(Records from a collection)
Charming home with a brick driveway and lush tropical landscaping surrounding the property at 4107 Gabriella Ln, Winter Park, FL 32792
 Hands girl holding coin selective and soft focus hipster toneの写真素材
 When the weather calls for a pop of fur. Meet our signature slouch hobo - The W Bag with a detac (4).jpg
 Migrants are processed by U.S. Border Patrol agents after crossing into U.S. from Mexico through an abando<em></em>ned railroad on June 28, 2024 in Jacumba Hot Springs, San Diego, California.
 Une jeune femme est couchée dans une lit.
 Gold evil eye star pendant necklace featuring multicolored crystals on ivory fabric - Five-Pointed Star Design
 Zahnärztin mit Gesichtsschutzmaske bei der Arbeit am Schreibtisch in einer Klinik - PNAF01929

→ **Exercise directions**
Report every line of the data in which "with" appears.

→ **The completed task**
Charming home with a brick driveway and lush tropical landscaping surrounding the property at 4107 Gabriella Ln, Winter Park, FL 32792
 When the weather calls for a pop of fur. Meet our signature slouch hobo - The W Bag with a detac (4).jpg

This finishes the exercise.